• [EXERCISE OBJECTIVE] Give again, exactly as written, each line of the material below starting at the line that contains "Gəncənin intellektual gəncləri" and ending at the line that contains "T-shirt ze stretchem | komfort | damski". Both ends count, and no other line does.

• [DATASET CONTENT]
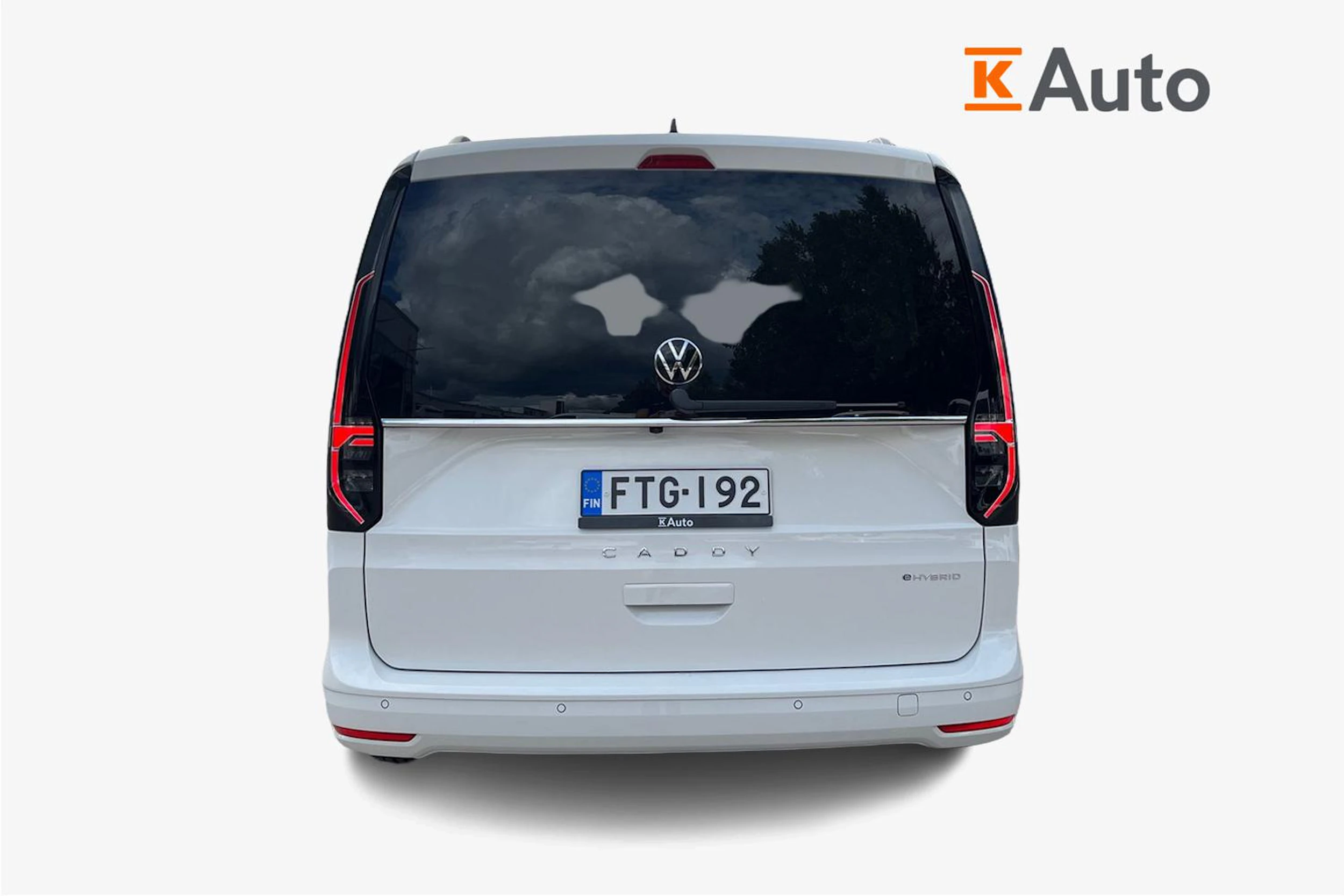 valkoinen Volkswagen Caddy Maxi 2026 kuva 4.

---

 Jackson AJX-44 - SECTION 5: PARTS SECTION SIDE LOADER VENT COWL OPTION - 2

---

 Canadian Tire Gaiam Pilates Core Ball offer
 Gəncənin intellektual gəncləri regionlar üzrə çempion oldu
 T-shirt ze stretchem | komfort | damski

• [WRITTEN RESPONSE]
 Gəncənin intellektual gəncləri regionlar üzrə çempion oldu
 T-shirt ze stretchem | komfort | damski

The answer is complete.